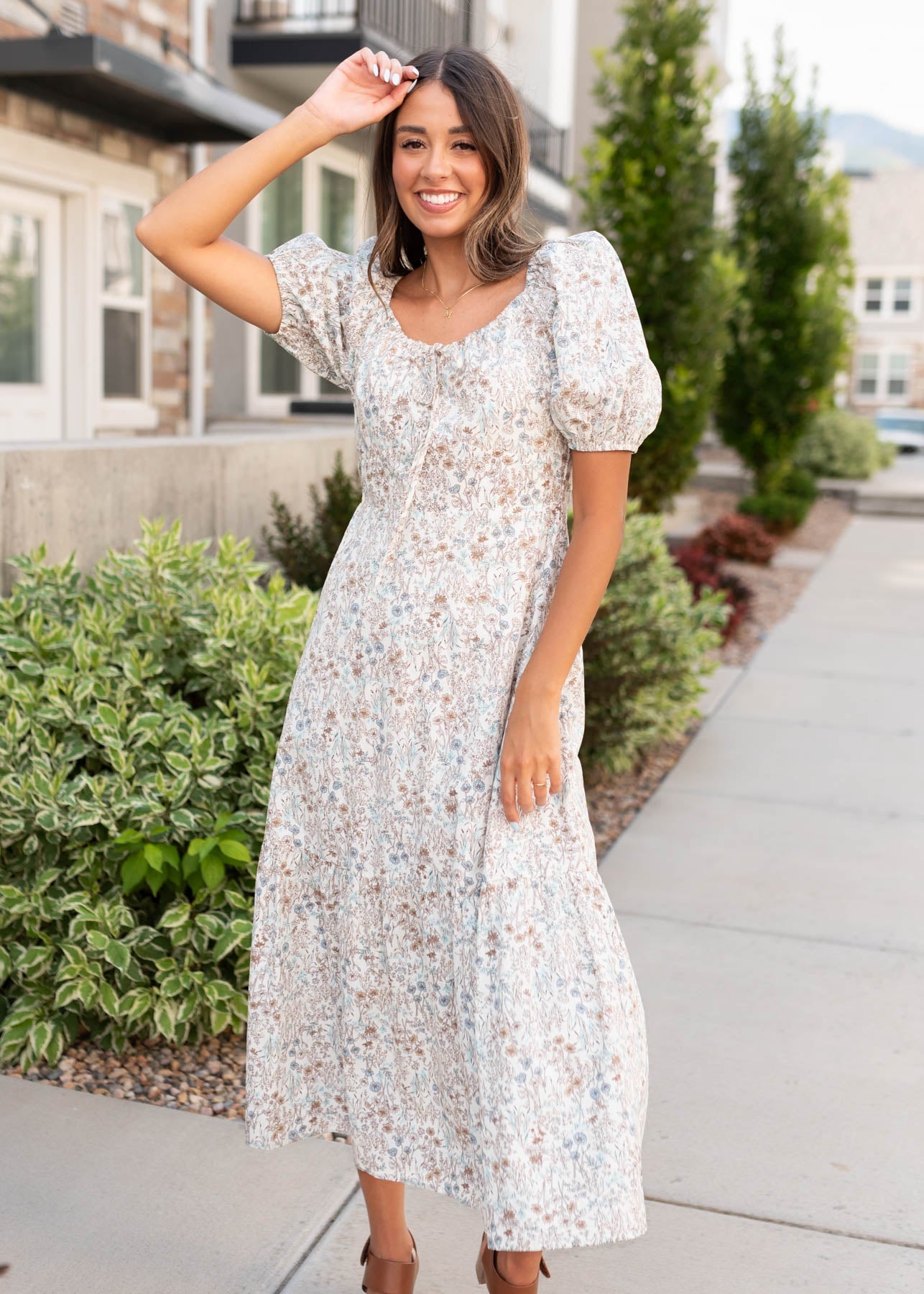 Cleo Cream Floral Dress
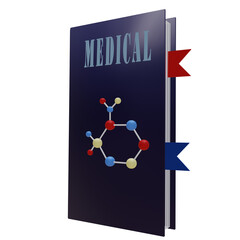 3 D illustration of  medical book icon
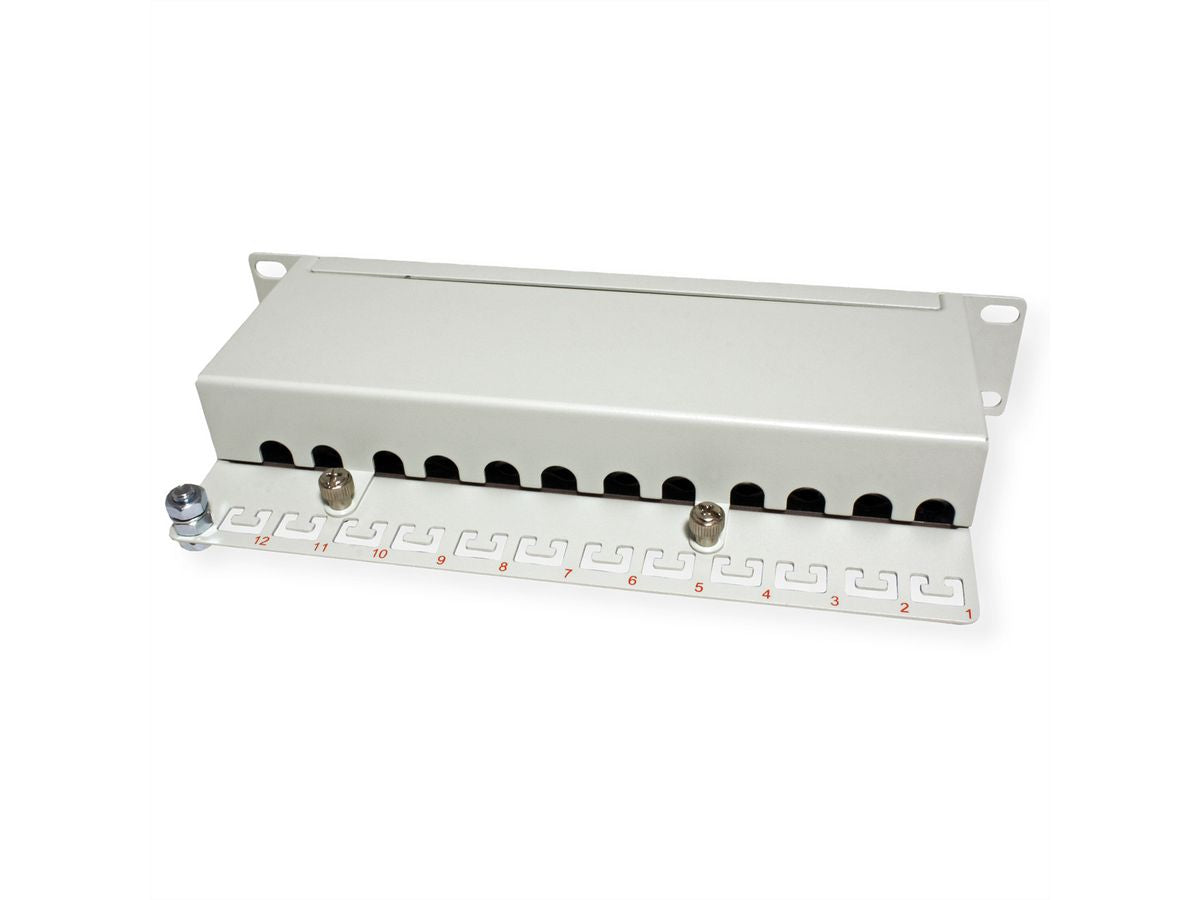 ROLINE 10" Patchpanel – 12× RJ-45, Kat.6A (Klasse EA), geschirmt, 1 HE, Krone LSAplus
* * *
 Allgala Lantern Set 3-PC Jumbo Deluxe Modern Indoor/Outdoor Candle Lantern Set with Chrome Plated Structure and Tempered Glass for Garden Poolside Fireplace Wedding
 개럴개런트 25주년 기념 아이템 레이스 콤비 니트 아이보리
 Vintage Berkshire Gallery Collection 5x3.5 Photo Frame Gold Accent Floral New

Exercise:
I'd like the lines above from the one with "Allgala Lantern Set" up to and including the one with "Vintage Berkshire Gallery" copied exactly, with no other lines.

Solved problem:
 Allgala Lantern Set 3-PC Jumbo Deluxe Modern Indoor/Outdoor Candle Lantern Set with Chrome Plated Structure and Tempered Glass for Garden Poolside Fireplace Wedding
 개럴개런트 25주년 기념 아이템 레이스 콤비 니트 아이보리
 Vintage Berkshire Gallery Collection 5x3.5 Photo Frame Gold Accent Floral New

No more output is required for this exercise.